Sadowski, the listed agent of Applied Surfacing Technology, is one of four contractors who holds a C-68FF license in Hawaii.
In September, Sadowski recommended the board require that contractors installing turf have a C-68FF license, Hamocon said.
According to the September board minutes, Sadowski said landscapers cannot install synthetic turf because it is like laying carpet. At the same time, he raised a concern about paint contractors doing floor work.
He admitted losing a flooring job at Honokaa High School to a paint contractor and asked the board to restrict paint contractors from doing that type of work, which has been allowed since 1996.
Sadowski was assigned by the board chairman to draft the scope of work that landscape contractors and turf contractors can do.
In October, Sadowski suggested artificial-turf layers have a C-68FF license, citing the handling of sand.

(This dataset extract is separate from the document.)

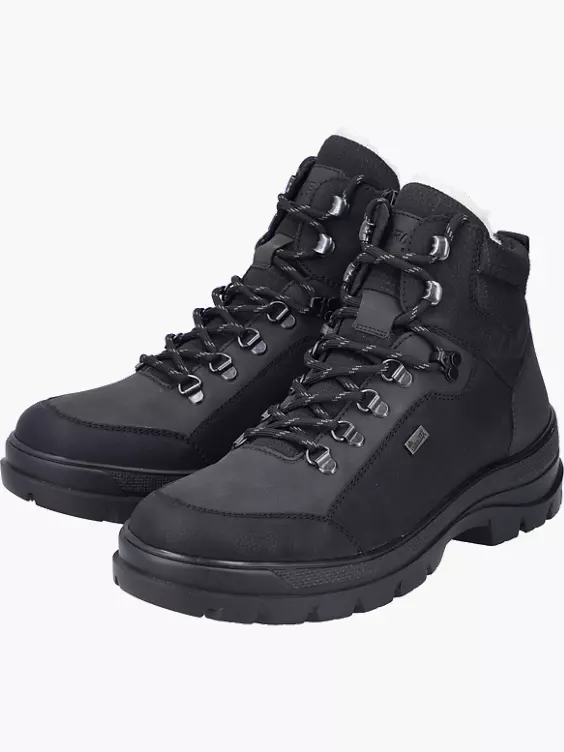 Rieker Herren Schnürstiefel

He said big athletic fields should be done by C-68FF licensed contractors, adding that "the Murakami Stadium at UH is being installed by a C-27 contractor who has never done this before," according to the meeting minutes.
He recused himself from the October vote on the rule change.
Previously, the board agreed last July and August that a C-68FF license was not needed to install artificial turf.
Hamocon, who said he received a recommendation from UH for his work at Les Murakami Stadium, said he never got a C-68FF license because the board told him twice he did not need it.
Oda said the board listened to Hamocon's concerns about Sadowski but did not see a conflict of interest.
Sadowski did not return repeated calls for comment.
Dan Mollway, executive director of the state's Ethics Commission, speaking in general terms, said a board member should recuse himself if a decision specifically affects his own company. He said a recused member cannot make recommendations.
"If you have a conflict, you have to sit out of the discussion the entire time," he said.
Thursday, August 7, 2008
Denny Sadowski, the listed agent for Applied Surfacing Technology, did not bid on the synthetic turf contract for Les Murakami Stadium. Originally, this article incorrectly said that he had. Logan Hamocon, owner of Sports Turf Hawaii, was the only contractor to bid on the contract, a University of Hawaii official said. Also, Hamocon has experience laying 5 million square feet of top dressing, which includes natural and synthetic turf. The article mentioned only synthetic turf.